Kehidupan
saya seperti layaknya sebuah pementasan wayang, dimana dalam sebuah pementasan
ada seorang dalang yang mengatur para wayangnya. Dalam pementasan wayang kulit
purwa di Jawa, gunungan menjadi sebuah lambang kehidupan dimana saat gunungan
ditancapkan itulah berarti kehidupan wayang dimulai. Dan ketika gunungan
dicabut dan di tancapkan ke tempat yang lain berarti kehidupan sebelumnya
berakhir dan digantikan dengan kehidupan yang baru.
Saya
hidup di dunia dengan berbagai problematika kehidupan, seperti layaknya wayang
saya seorang manusia yang menjalankan sebuah kehendak dzat yang luar biasa,
yang maha agung yang sudah mengatur kehidupan saya yakni Tuhan saya yaitu Allah.

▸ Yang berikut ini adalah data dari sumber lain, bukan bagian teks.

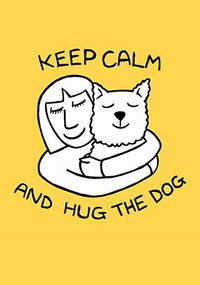 Tap to view Keep Calm and Hug the Dog Birthday Card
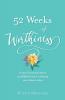 52 weeks of Worthiness: A year of practical advice and biblical truth for claiming your inherent value
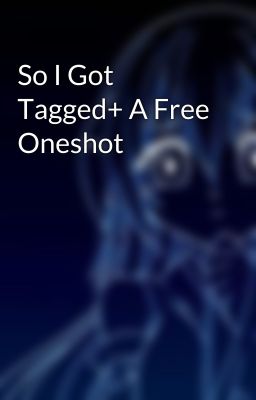 So I Got Tagged+ A Free Oneshot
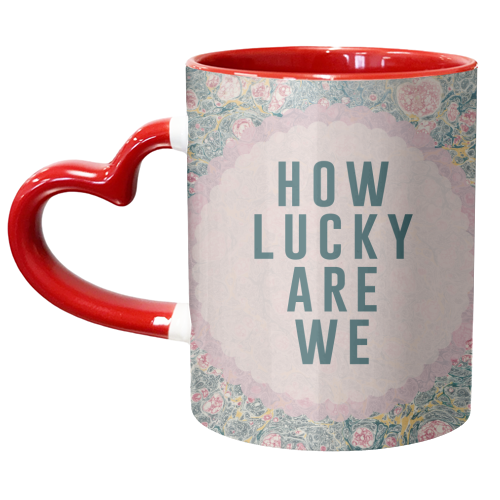 How Lucky Are We - unique mug by The 13 Prints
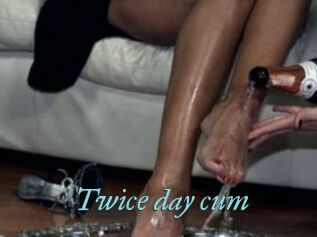 Twice_day_cum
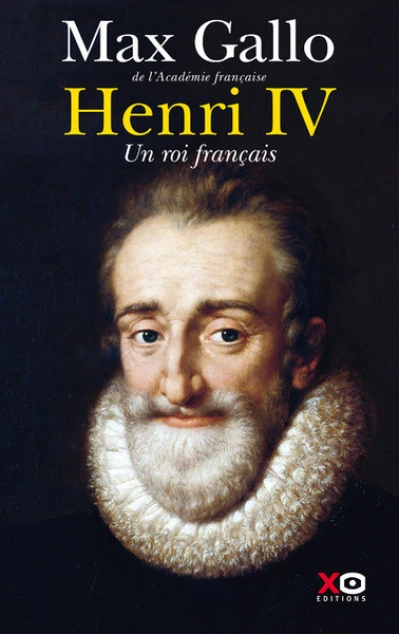 Henri IV : Un roi français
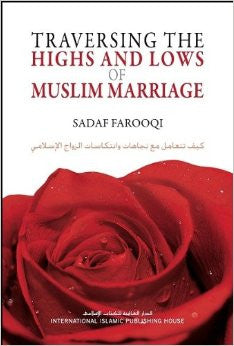 Traversing the Highs and Lows of Muslim Marriage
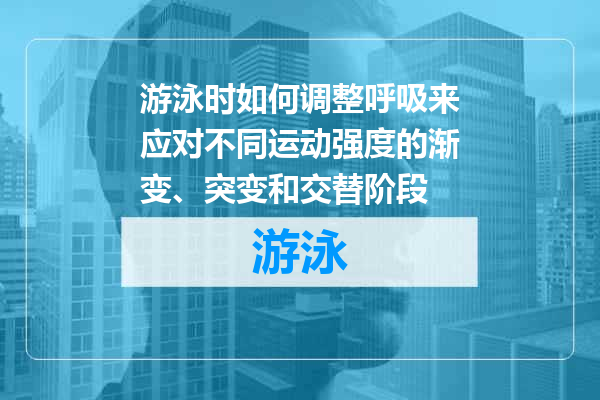 游泳时如何调整呼吸来应对不同运动强度的渐变、突变和交替阶段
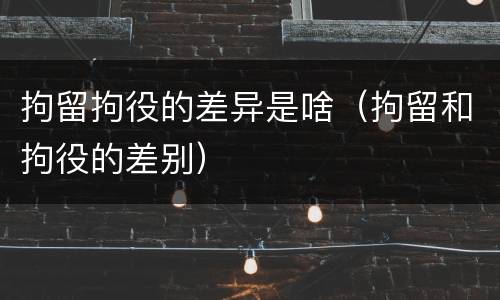 拘留拘役的差异是啥（拘留和拘役的差别）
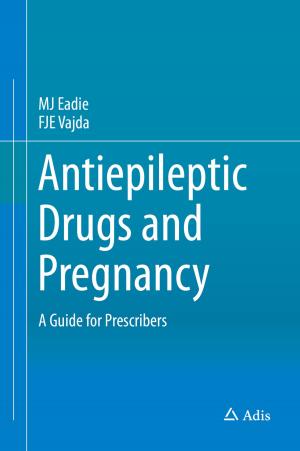 Cover of the book Antiepileptic Drugs and Pregnancy by Dipanjan Nandi, K. Sreenivasa Rao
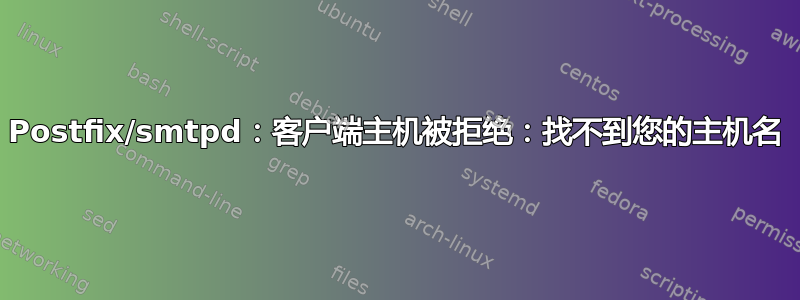 Postfix/smtpd：客户端主机被拒绝：找不到您的主机名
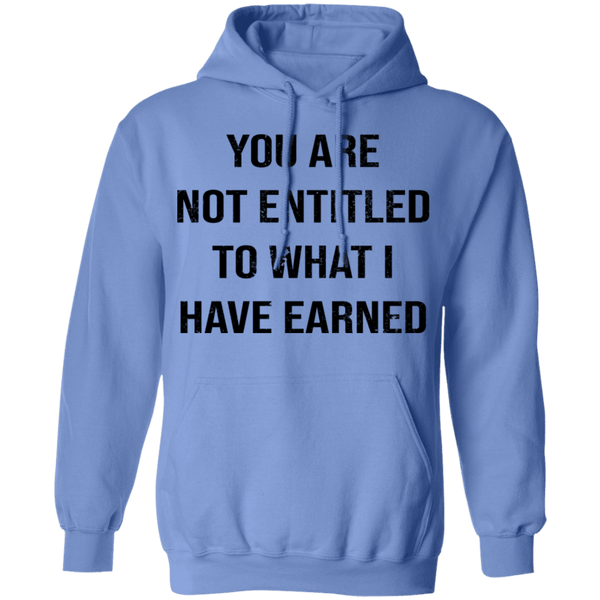 You Are Not Entitled To What I Have Earned T-Shirt CustomCat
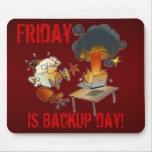 Friday Is Backup Day! mousepads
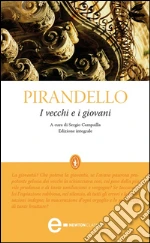 I vecchi e i giovani. Ediz. integrale. E-book. Formato EPUB ebook di Luigi Pirandello
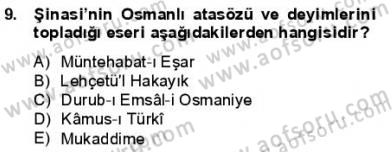 Yeni Türk Edebiyatına Giriş 1 Dersi 2013 - 2014 Yılı (Final) Dönem Sonu Sınav Soruları 9. Soru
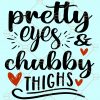 Pretty eyes and chubby thighs SVG, Thick thighs pretty eyes SVG, chunky thighs and pretty eyes svg, thick thighs svg, Female Weightlifting svg, thick thighs save live svg, thick thighs thin patience svg, thick thighs thin patience svg Files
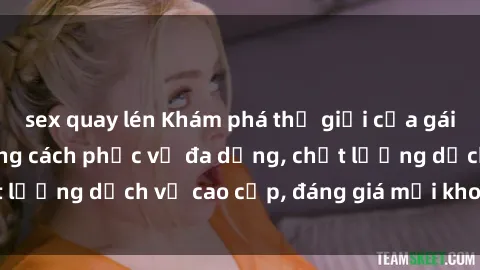 sex quay lén Khám phá thế giới của gái gọi Việt Nam: Phong cách phục vụ đa dạng, chất lượng dịch vụ cao cấp, đáng giá mọi khoản chi phí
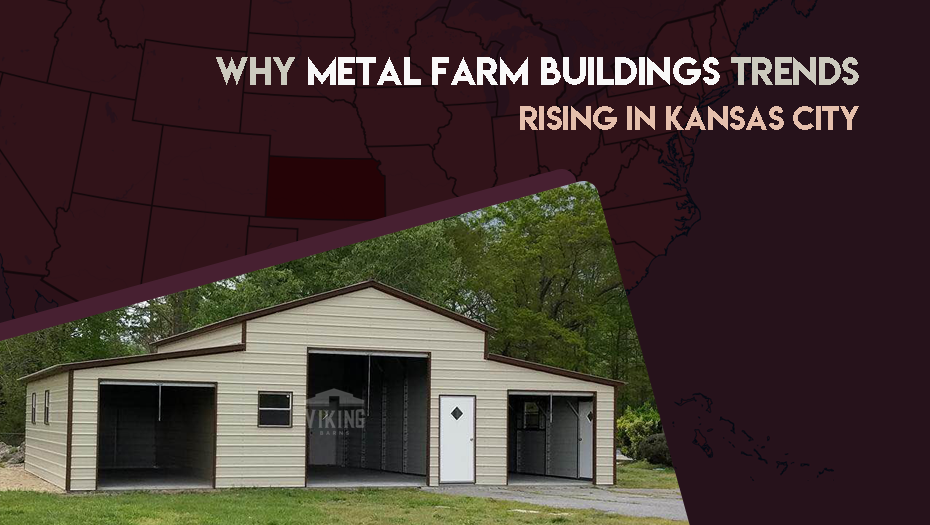 Why Metal Farm Buildings Trends Rising In Kansas City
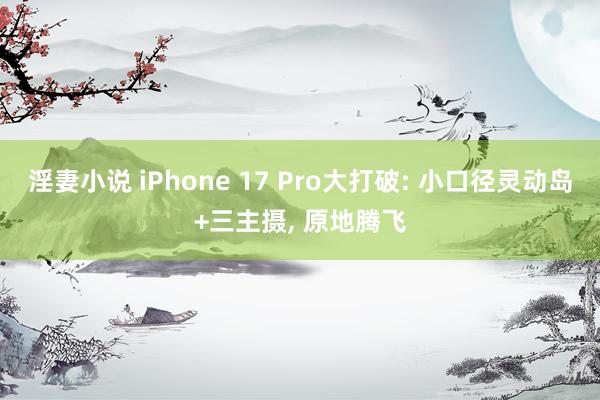 淫妻小说 iPhone 17 Pro大打破: 小口径灵动岛+三主摄， 原地腾飞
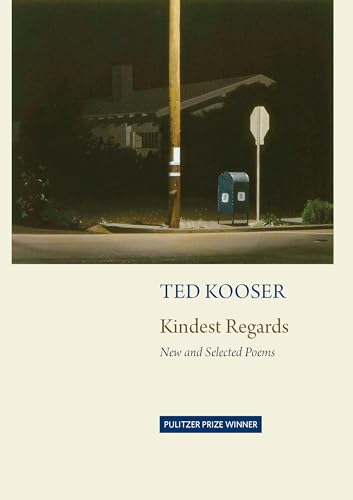 Stock image for Kindest Regards: New and Selected for sale by New Legacy Books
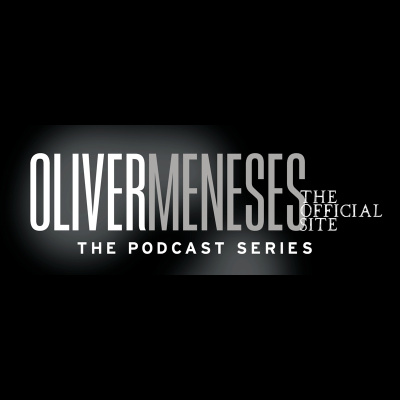 Oliver Meneses Podcast Series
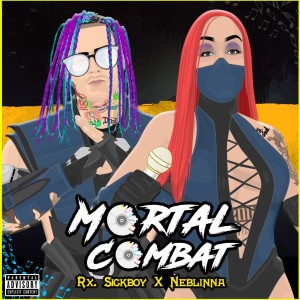 收聽Rx. Sickboy的Mortal Combat (Explicit)歌詞歌曲
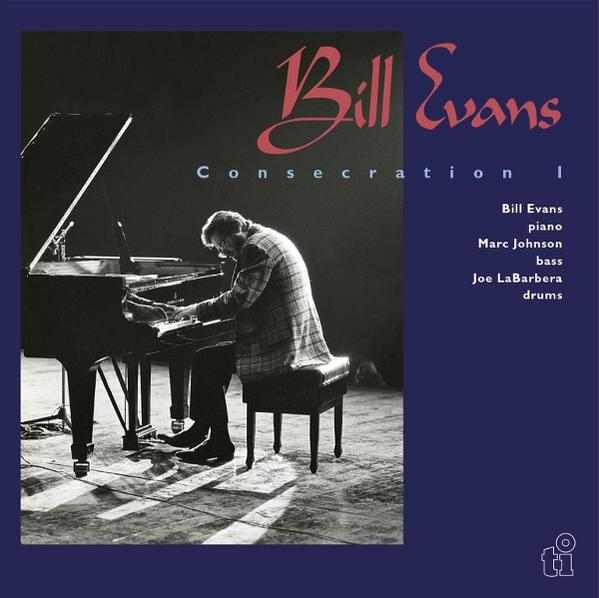 Bill Evans spielt Klavier. Das Albumcover trägt seinen Namen und den Titel 'Consecration I'. Eine Liste der Musiker ist ebenfalls vorhanden.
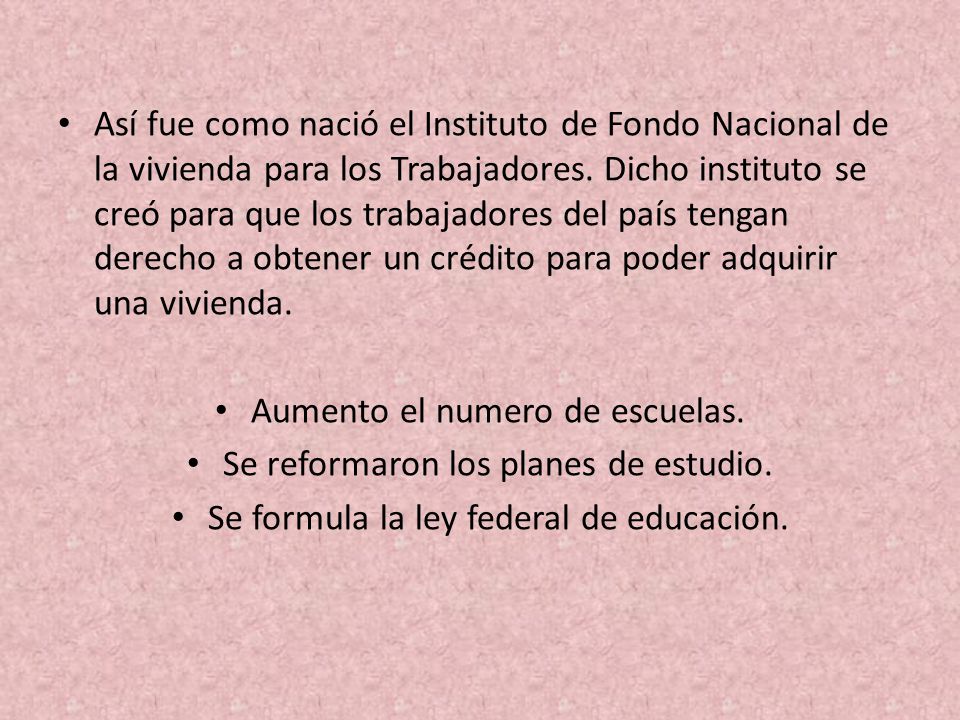 Aumento el numero de escuelas. Se reformaron los planes de estudio.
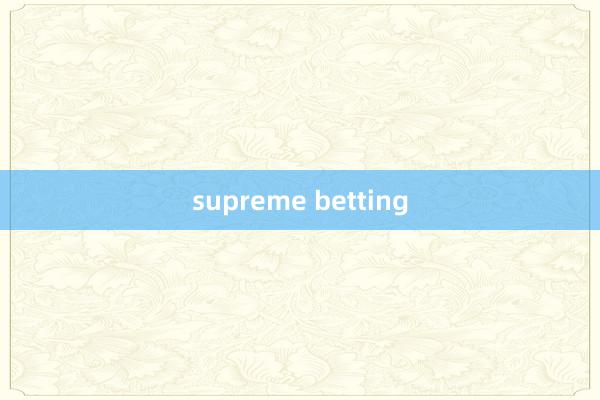 supreme betting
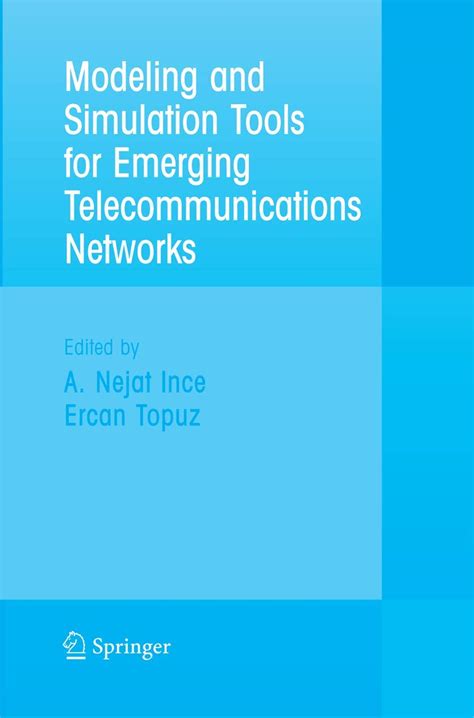 Modeling and Simulation Tools for Emerging Telecommunication Networks Needs, Trends, Challenges and PDF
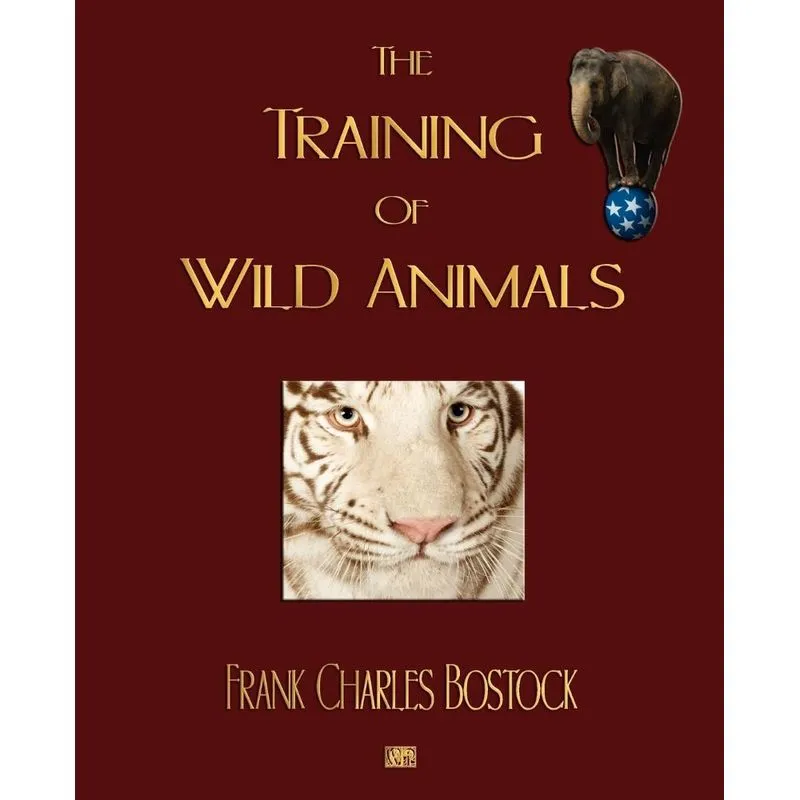 The Training Of Wild Animals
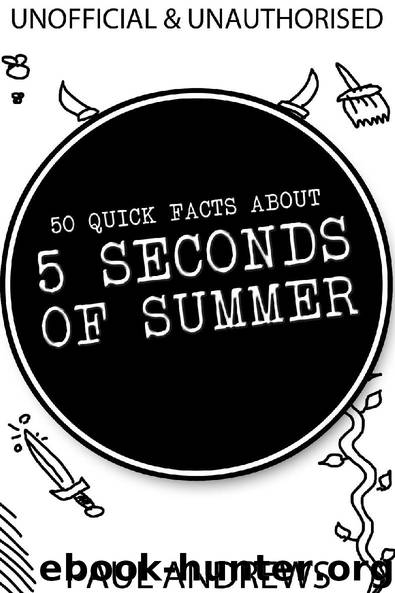 50 Quick Facts about 5 Seconds of Summer by Paul Andrews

Kapan saatnya saya dihidupkan dan berakhirpun dan digantikan kehidupan yang
baru ada pada kehendak dalang kehidupan manusia. Dari bahasan buku ini
menggambarkan sebuah asal-usul hidup, tujuan hidup dan lambang gunungan sebagai
nilai-nilai kehidupan masyarakat Jawa yang sejalan dengan kehidupan saya
sebagai manusia.
Buku
filsafat jawa yang ditulis Agus Purwoko ini memang diambil dari makna kehidupan
yang dianut oleh masyarakat jawa dimana masyarakat jawa lebih mengutamakan pada
keselarasan sebuah kehidupan. Keselarasan hidup tersebut berkaitan dengan
kepercayaan dan keagamaan yang dikaitkan dengan kebudayaan yang berkembang.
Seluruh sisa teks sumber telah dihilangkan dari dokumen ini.